Von den fünf jungen Abgeordneten, die vor zehn Jahren auf der Zugspitze standen und einem Chef im Untergang zujubelten, ist Dobrindt am weitesten gekommen. Er ist jetzt einer der mächtigsten Männer in der CSU und gleichzeitig einer der lautesten und der rätselhaftesten.

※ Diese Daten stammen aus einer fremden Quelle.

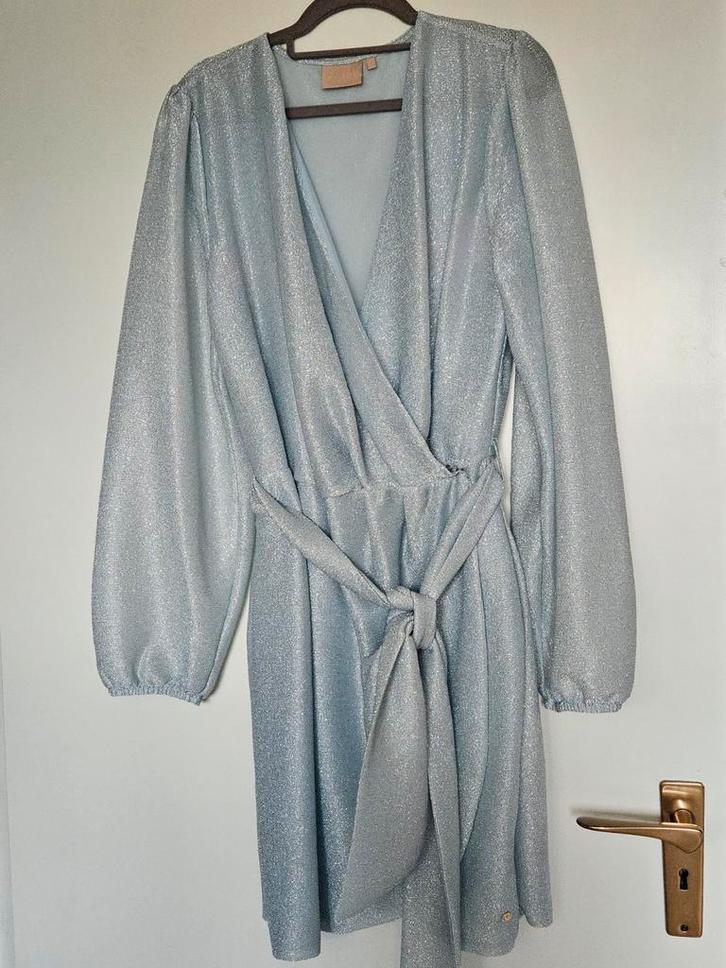 JOSH V Isabeau Fresh blue glitter, Kleding | Dames, Jurken, Zo goed als nieuw, Blauw, Boven de knie, Ophalen of Verzenden
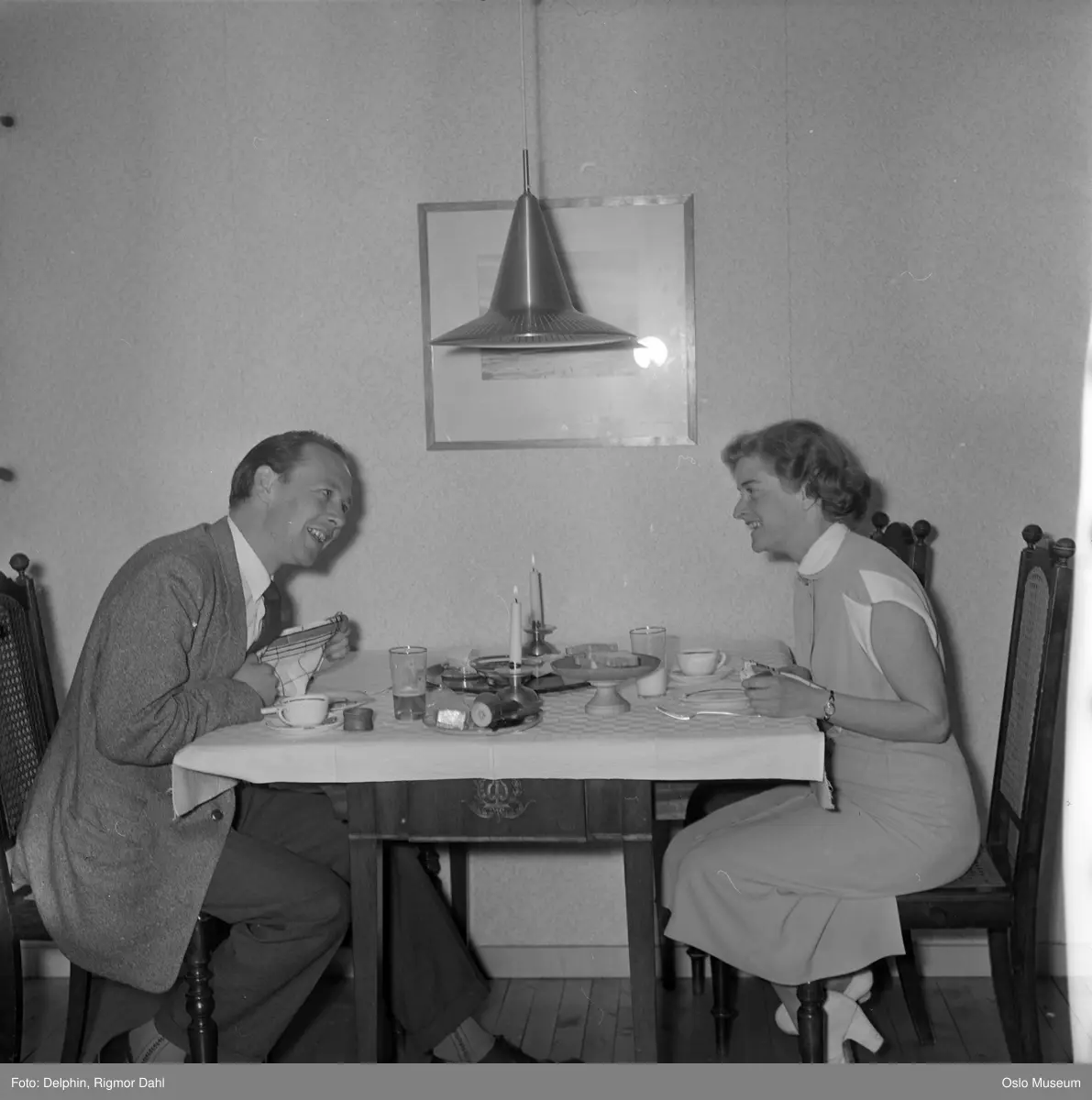 bolig, interiør, ektepar, skuespillere, sittende helfigur, spisebord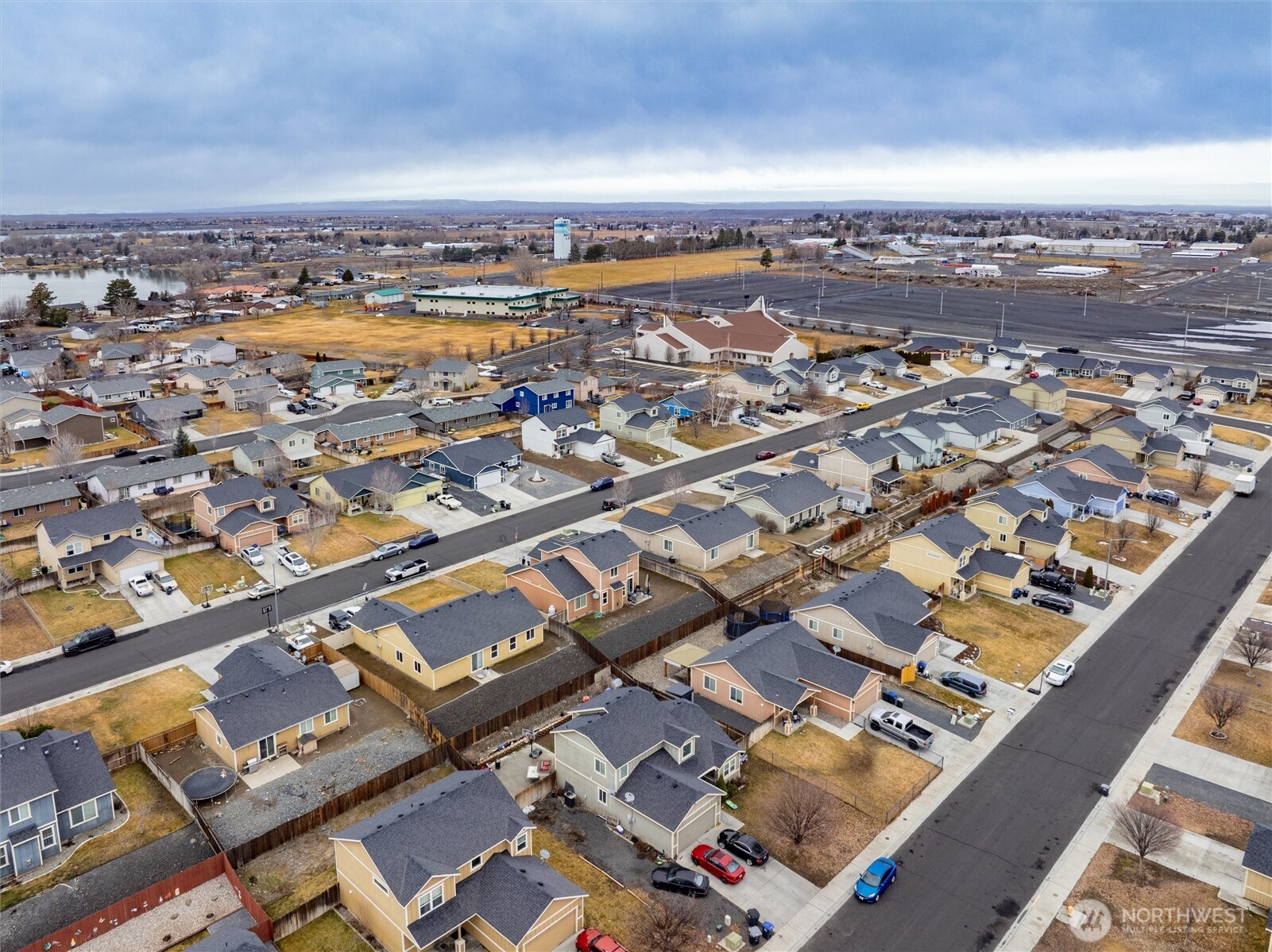 521 Florida Street , Moses Lake, WA 98837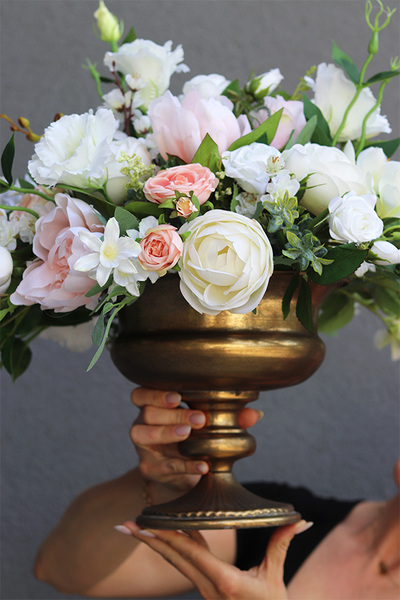 Gefatia, bogata kompozycja kwiatowa w pucharze, wym.50x56cm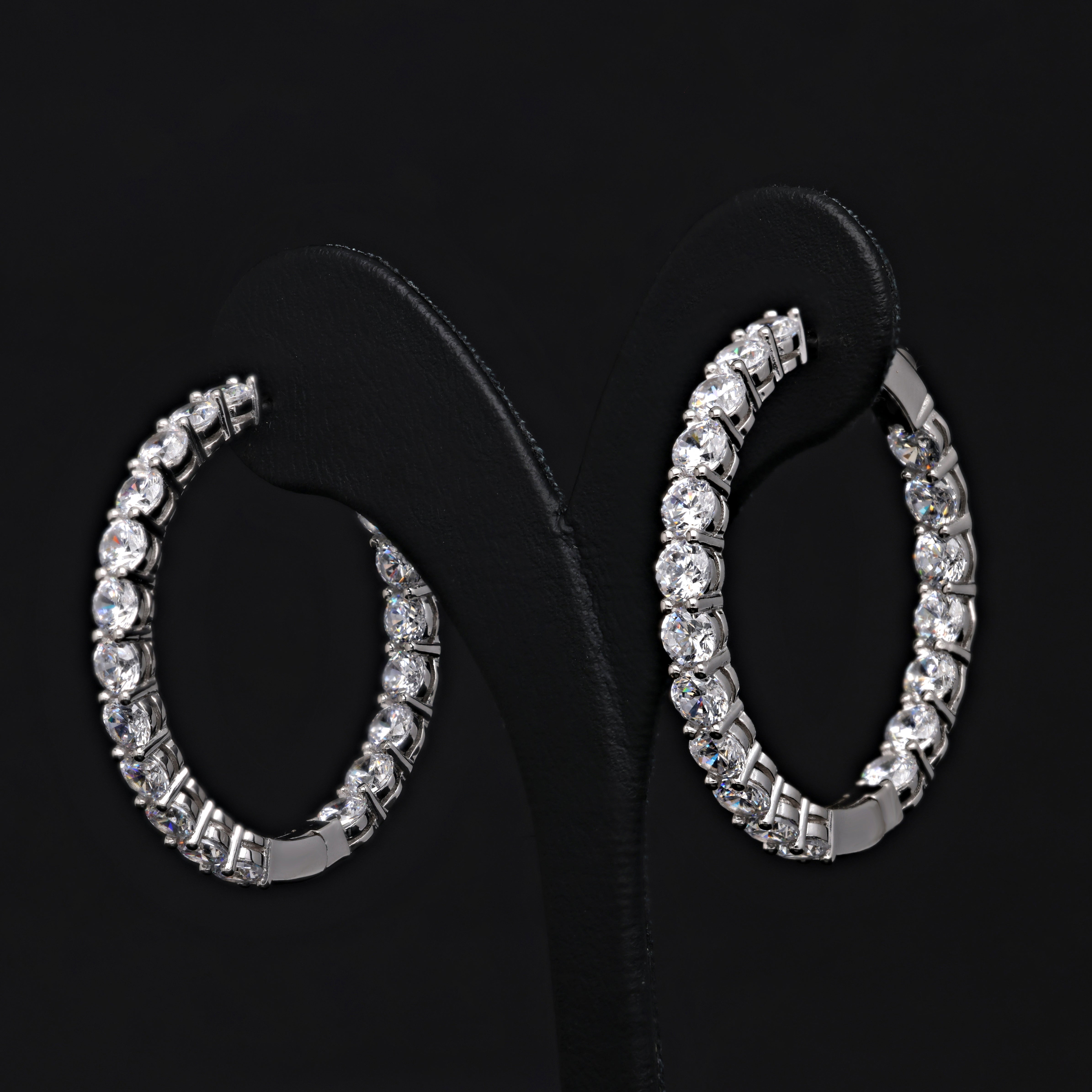SooSilkyGems CLASSIC ROUND HOOP EARRINGS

Die Macht kommt aus der Position. Es ist zwar nur eine kleine Truppe von nur 46 Personen, der er vorsitzt, und der Titel CSU-Landesgruppenchef klingt auch eher nach Stammtisch in der Dorfgaststätte. Aber dieser Chef ist der oberste Repräsentant der CSU in Berlin; wenn die Union regiert, sitzt er in allen Koalitionsrunden. Auf der Internetseite hat Dobrindt die Landesgruppe durch „CSU im Bundestag“ ersetzt. Dobrindts Lautstärke ist nicht unbedingt in Dezibel zu messen, außer er trifft auf politische Gegner wie den Grünen-Fraktionschef Anton Hofreiter. Mit dem hat er sich in den Sondierungsrunden dem Vernehmen nach auch schon mal angeschrien. Das ist deshalb bemerkenswert, weil Dobrindt sich öffentlich stets Mühe gibt, die Contenance zu wahren, zumindest im Ton.

Er hat eine weiche Aussprache, er macht kurze Pausen, bevor er antwortet, sein Gesicht bleibt ungerührt, manchmal lässt er ein kleines Lächeln stehen, während er redet. Von Zurückhaltung allerdings lässt sich dann nicht sprechen. Die gab es nur während seiner vier Jahre als Verkehrsminister. Da hatte er sich – außer beim Thema Pkw-Maut – ziemlich rar gemacht. Davor und danach, als CSU-Generalsekretär und jetzt als Landesgruppenchef, war und ist keine Lupe mehr nötig, um Dobrindt zu finden.

Vier Wochen lang verhandelten CDU, CSU, FDP und Grüne über eine gemeinsame Regierung. Vier Wochen lang ging die Kanzlerin wortlos vorbei an den Kameras. Vier Wochen lang sagte FDP-Chef Christian Lindner, man müsse mal sehen. Der CSU-Vorsitzende Horst Seehofer lächelte sphinxartig und behauptete, er sei zuversichtlich.